- From: <keshlam@us.ibm.com>
- Date: Tue, 18 Mar 2008 14:26:50 -0400
- To: "dave boland" <dboland9@fastmail.fm>
- Cc: www-dom@w3.org, www-dom-request@w3.org
- Message-ID: <OFF1CCFB59.648B6EFA-ON85257410.00647A1E-85257410.00655593@lotus.com>
> 1. Where can I find a concise description of the differences between the > DOM levels and what browser level they support? The W3C Recommendation documents for DOM Level 1, Level 2, and Level 3 (and their optional modules) are available on the W3C's website. "DOM Level 0" is a wholly unofficial name for the early and not-quite-compatabile Dynamic HTML interfaces that existed before the DOM was standardized. As far as the second part goes: The question is, what level of the DOM does a given _browser_ support. Ask its authors. The DOM is not just a browser interface; it's used many other places as well, and I don't think the W3C tries to keep track of who has implemented which levels or how well -- that's officially a Quality Of Implementation issue. > 2. Where can I find the complete topography of the DOM? Much of what you listed is not actually part of the DOM APIs -- it's part of the _browser's_ APIs, which are outside the scope of the DOM. The DOM covers only the Document, plus a bit of Document Type information (the document location can be retrieved in some versions of the DOM, for example). If you're referring to the HTML DOM in particular, that's described in the DOM Recommendation. > 4. Is there a difference between a regular DOM and a DHTML DOM? If so, > what is it? There is a difference between a basic DOM (which is typically used for XML and XHTML, but may be used for HTML) and an HTML DOM (which is what browsers more often use for HTML and -- if they support it -- XHTML).
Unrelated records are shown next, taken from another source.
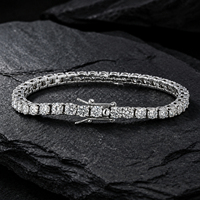 Collier et bracelet tennis en acier inoxydable 316L avec moissanite, plaqué PVD, serti griffes, pour soirée et usage quotidien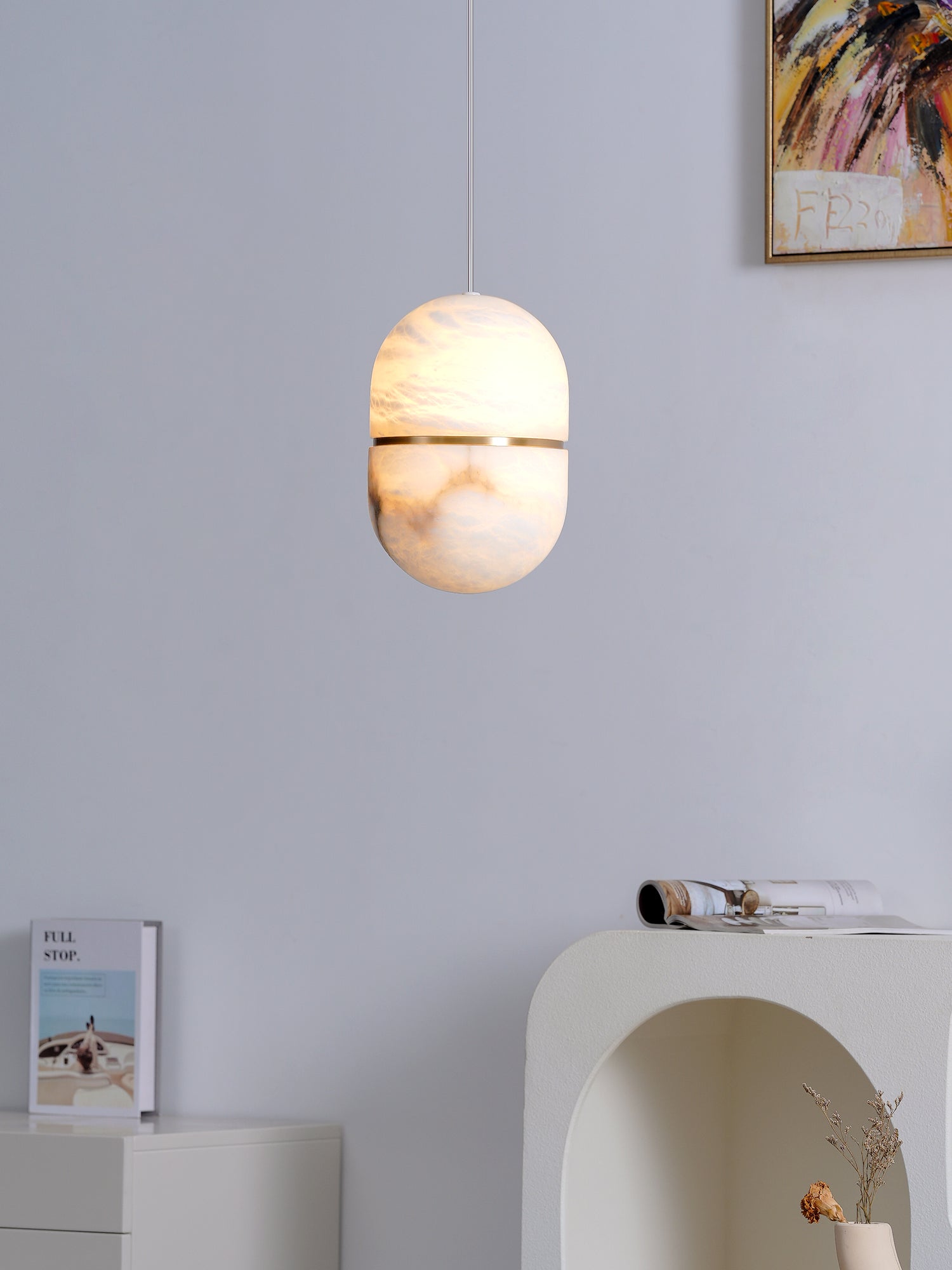 Strata Albast Hanglamp Capsule-Vorm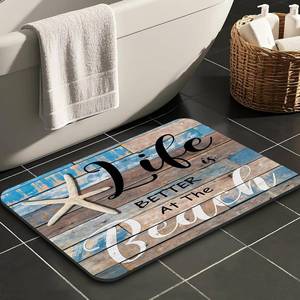 lot 3215 image: Life is Better at The Beach Starfish Wooden Board Bathroom Rugs Mat Non Slip Super Absorbent Stain Resistant Quick Dry Thin Bathroom Rug-Bath Mats for Bathroom Floor Bathtub,30x20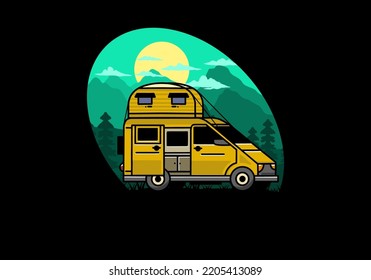 Big van camper with roof box tent illustration badge design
See the Recommendation. Basically, the HTML DOM adds HTML-specific accessors, but all the information is available through the basic DOM. > 5. I read somewhere that all of the events (onMouseOver for example) are > at the Window level. DOM Event handling is described in DOM Level 2's events module. What happens to the event once it gets out of the DOM and into the browser is the browser's problem. > Now that I look at the questions, perhaps there needs to be a document > (my words) called DOM 101 for script writers. There are many tutorials on the web. There have been many books published.